In quantum chemistry, size consistency and size extensivity are concepts relating to how the behaviour of quantum-chemistry calculations changes with the system size. Size consistency (or strict separability) is a property that guarantees the consistency of the energy behaviour when interaction between the involved molecular subsystems is nullified (for example, by distance). Size extensivity, introduced by Bartlett, is a more mathematically formal characteristic which refers to the correct (linear) scaling of a method with the number of electrons.

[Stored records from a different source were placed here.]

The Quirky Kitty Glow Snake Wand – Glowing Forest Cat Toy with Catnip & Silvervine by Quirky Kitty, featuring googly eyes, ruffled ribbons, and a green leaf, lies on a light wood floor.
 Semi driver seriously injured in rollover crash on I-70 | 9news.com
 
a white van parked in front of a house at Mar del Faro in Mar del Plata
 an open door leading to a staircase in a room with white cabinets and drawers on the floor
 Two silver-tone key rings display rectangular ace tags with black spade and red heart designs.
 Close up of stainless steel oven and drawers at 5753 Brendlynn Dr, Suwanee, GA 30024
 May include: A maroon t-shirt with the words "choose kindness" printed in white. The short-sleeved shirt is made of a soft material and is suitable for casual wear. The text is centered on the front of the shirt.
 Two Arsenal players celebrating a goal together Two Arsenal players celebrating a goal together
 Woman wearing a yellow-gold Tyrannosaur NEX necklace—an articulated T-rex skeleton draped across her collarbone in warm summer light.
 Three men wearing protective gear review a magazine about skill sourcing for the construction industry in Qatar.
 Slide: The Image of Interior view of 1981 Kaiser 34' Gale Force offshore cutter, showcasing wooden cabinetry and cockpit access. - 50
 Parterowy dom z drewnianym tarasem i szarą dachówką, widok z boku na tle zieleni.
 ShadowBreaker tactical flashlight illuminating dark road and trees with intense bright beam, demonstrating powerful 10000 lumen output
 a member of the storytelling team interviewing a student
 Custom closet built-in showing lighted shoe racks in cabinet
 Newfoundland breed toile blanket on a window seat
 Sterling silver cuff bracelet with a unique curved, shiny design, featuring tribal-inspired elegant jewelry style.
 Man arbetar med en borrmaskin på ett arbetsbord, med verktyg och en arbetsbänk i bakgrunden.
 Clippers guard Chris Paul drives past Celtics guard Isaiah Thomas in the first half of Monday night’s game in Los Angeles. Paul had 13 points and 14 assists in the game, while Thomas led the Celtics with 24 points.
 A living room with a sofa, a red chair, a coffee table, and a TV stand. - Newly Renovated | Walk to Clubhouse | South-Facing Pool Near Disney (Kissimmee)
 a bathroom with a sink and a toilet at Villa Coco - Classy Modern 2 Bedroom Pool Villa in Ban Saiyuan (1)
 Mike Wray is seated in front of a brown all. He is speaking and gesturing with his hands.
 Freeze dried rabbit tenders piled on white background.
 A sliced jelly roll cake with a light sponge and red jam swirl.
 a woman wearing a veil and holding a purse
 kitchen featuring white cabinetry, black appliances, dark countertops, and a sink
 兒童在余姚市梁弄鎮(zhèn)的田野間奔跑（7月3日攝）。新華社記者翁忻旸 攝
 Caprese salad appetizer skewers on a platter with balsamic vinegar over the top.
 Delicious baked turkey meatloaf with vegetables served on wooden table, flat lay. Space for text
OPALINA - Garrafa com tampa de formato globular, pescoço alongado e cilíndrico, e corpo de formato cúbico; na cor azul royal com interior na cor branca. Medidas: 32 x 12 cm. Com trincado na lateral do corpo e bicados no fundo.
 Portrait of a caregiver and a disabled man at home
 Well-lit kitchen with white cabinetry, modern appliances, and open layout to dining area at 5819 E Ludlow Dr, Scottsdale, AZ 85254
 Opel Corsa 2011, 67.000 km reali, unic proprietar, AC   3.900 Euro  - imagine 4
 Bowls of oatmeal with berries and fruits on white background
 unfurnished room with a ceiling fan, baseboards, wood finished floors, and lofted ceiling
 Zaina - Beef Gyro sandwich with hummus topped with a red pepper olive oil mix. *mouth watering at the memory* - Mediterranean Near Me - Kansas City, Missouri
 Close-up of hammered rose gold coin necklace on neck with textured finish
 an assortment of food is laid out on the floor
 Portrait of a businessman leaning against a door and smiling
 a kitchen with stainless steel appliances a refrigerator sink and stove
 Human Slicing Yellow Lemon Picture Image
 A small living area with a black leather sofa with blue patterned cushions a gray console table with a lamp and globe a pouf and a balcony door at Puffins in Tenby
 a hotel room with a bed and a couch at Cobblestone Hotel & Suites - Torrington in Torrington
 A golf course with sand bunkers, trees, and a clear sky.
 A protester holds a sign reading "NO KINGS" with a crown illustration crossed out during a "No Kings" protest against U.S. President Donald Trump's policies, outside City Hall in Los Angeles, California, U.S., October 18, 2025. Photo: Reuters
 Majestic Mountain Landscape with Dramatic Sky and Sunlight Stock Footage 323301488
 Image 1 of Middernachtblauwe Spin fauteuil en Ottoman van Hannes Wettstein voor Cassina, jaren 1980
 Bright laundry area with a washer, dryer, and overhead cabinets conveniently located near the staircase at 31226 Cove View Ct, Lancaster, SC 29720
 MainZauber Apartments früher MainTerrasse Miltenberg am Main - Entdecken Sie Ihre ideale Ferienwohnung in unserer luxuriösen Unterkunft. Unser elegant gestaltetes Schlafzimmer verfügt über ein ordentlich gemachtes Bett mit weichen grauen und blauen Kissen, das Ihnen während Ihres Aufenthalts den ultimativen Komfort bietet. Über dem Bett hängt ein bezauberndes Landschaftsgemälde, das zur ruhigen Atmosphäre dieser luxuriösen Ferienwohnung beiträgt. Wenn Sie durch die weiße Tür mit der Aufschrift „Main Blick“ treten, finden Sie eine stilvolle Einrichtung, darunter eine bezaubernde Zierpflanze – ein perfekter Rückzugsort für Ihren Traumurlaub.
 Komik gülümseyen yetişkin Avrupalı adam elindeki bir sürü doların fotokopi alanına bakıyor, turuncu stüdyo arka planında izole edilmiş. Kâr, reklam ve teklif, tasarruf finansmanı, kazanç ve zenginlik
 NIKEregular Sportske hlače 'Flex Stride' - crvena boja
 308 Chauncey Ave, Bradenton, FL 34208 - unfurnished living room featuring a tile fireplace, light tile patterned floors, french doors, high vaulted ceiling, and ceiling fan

Let A and B be two non-interacting systems. If a given theory for the evaluation of the energy is size-consistent, then the energy of the supersystem A + B, separated by a sufficiently large distance such that there is essentially no shared electron density, is equal to the sum of the energy of A plus the energy of B taken by themselves: $E(A + B) = E(A) + E(B).$ This property of size consistency is of particular importance to obtain correctly behaving dissociation curves. Others have more recently argued that the entire potential energy surface should be well-defined.

Size consistency and size extensivity are sometimes used interchangeably in the literature. However, there are very important distinctions to be made between them. Hartree–Fock (HF), coupled cluster, many-body perturbation theory (to any order), and full configuration interaction (FCI) are size-extensive but not always size-consistent. For example, the restricted Hartree–Fock model is not able to correctly describe the dissociation curves of H_{2}, and therefore all post-HF methods that employ HF as a starting point will fail in that matter (so-called single-reference methods). Sometimes numerical errors can cause a method that is formally size-consistent to behave in a non-size-consistent manner.

Core extensivity is yet another related property, which extends the requirement to the proper treatment of excited states.